Uma revelação familiar mudou completamente a vida da australiana Casey O’Connor aos 36 anos. Após realizar testes de DNA, ela descobriu que o homem que conheceu durante toda a vida como tio era, na verdade, seu pai biológico. A descoberta também confirmou que sua melhor amiga de infância, Alana Horton, que ela acreditava ser apenas sua prima, é, na realidade, sua meia-irmã.

As duas cresceram juntas em Nova Gales do Sul, na Austrália, compartilhando férias, segredos e uma amizade muito próxima. Durante mais de três décadas, porém, acreditaram que eram apenas primas em primeiro grau.

A história começou a mudar em 2020, quando Casey recebeu uma ligação inesperada de Alana. Antes de revelar o motivo da ligação, ela pediu que a amiga encontrasse um lugar tranquilo para conversar.

Durante a conversa, Alana contou sobre uma suspeita antiga que circulava na família: a possibilidade de que a mãe de Casey tivesse mantido um relacionamento com o marido da irmã na época em que ela foi concebida.

Em entrevista à revista People, Casey contou que recebeu a informação com incredulidade.

“Foi um choque enorme, mas tentei levar na brincadeira. Na época, eu simplesmente não tinha condições emocionais de processar aquilo”, afirmou.

Nos anos seguintes, Casey enfrentou problemas relacionados à saúde mental, incluindo ansiedade, depressão e baixa autoestima. Sem conseguir lidar com a revelação, ela deixou o assunto de lado.

A situação mudou em 2024, quando recebeu o diagnóstico de Transtorno Disfórico Pré-Menstrual (TDPM), condição caracterizada por alterações severas de humor associadas às oscilações hormonais. A partir desse diagnóstico, iniciou um processo terapêutico mais profundo e passou a refletir sobre sua história familiar, especialmente ao perceber dificuldades para reconstruir o histórico médico de seus parentes biológicos.

“Só depois da terapia me senti pronta para descobrir a verdade”, relatou.

Determinada a esclarecer as dúvidas, Casey realizou um teste genético em fevereiro de 2025. O homem que a criou e que sempre considerou seu pai aceitou participar do exame. O resultado confirmou que eles não possuíam vínculo biológico.

A confirmação definitiva veio cerca de um ano depois, quando Casey e Alana realizaram um novo teste de DNA. O exame comprovou que elas eram meia-irmãs e revelou que o homem conhecido por Casey como tio era seu pai biológico.

Quando a descoberta foi confirmada, tanto sua mãe quanto o pai biológico já haviam falecido, o que impossibilitou esclarecer algumas das dúvidas sobre a história da família.

Apesar disso, Casey afirma que a revelação ajudou a explicar a forte conexão que sempre existiu entre ela e Alana. Ao longo dos anos, familiares e amigos frequentemente comentavam sobre a semelhança física entre as duas e a intensidade do vínculo que compartilhavam.

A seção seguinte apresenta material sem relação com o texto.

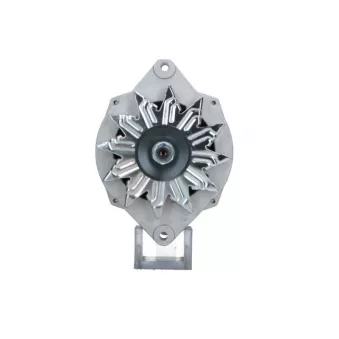 Alternateur BV PSH 645.069.100.030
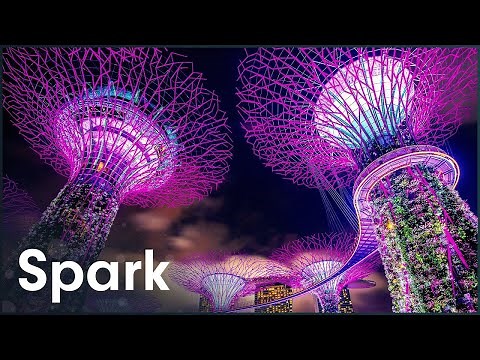 Singapore's Incredible 160-Foot Supertrees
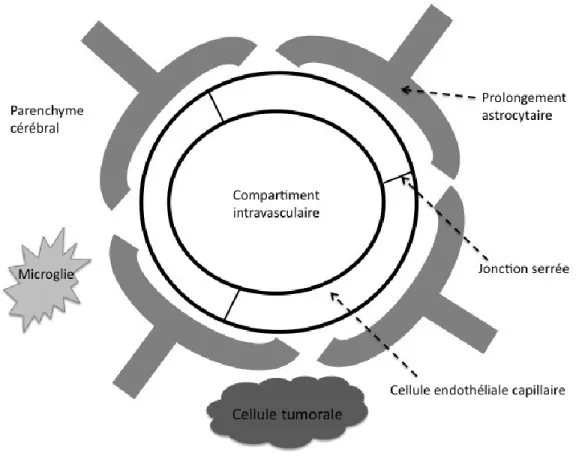 Figure  4.  Barrière  hémato-encéphalique.  Illustration  simplifiée  des  composantes  de  la  barrière  hémato-encéphalique  incluant  cellules  endothéliales,  projections  astrocytaires  et  jonctions serrées (figure adaptée de Bellavance et al., 2008)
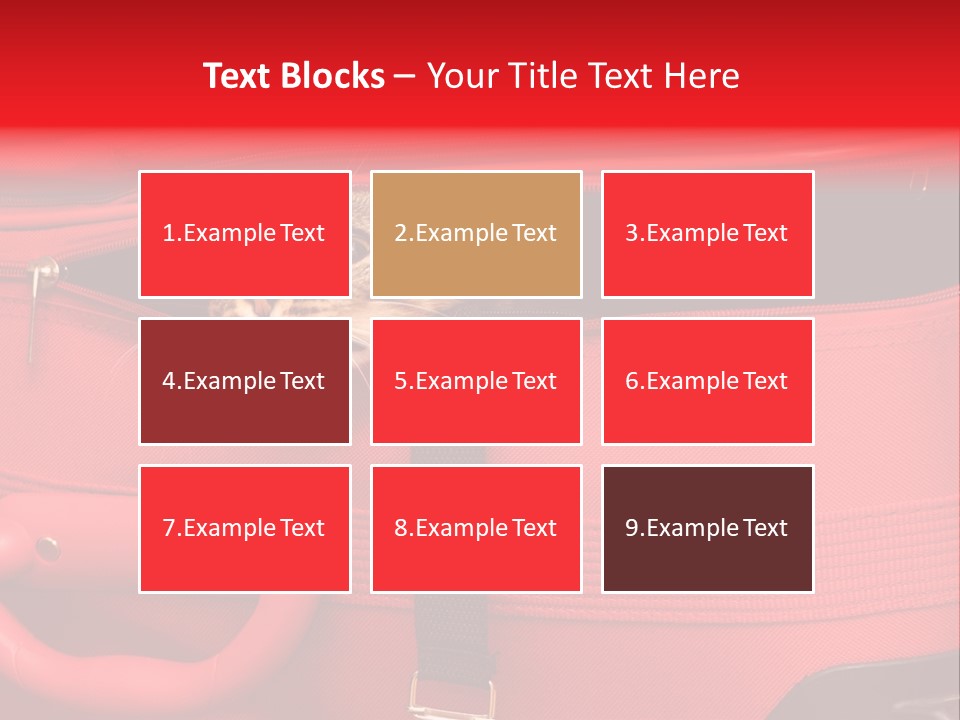 Cat In A Suitcase PowerPoint Template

“Um dos lados positivos disso tudo é saber que minha melhor amiga de infância era, na verdade, minha irmã o tempo todo. Isso explicou nosso vínculo tão forte e nos aproximou em um nível completamente diferente”, declarou.

Mesmo após descobrir sua verdadeira origem biológica, Casey ressalta que o homem que a criou continua sendo seu pai em todos os aspectos afetivos e foi seu principal apoiador durante toda a busca pela verdade.

“Ele sempre foi minha rocha. Sei que posso contar com ele para qualquer coisa”, afirmou.

Segundo Casey, encontrar respostas também trouxe alívio emocional. Ela acredita que parte das inseguranças que carregava estava relacionada a questões familiares que nunca conseguiu compreender completamente. Compartilhar sua história no TikTok também fez parte do processo de cura, especialmente após receber relatos de milhares de pessoas que viveram situações semelhantes.

“Não sinto vergonha nem constrangimento. Foi algo sobre o qual eu nunca tive controle. Se compartilhar minha história ajudar pelo menos uma pessoa a parar de guardar tudo para si, então terá valido a pena”, concluiu.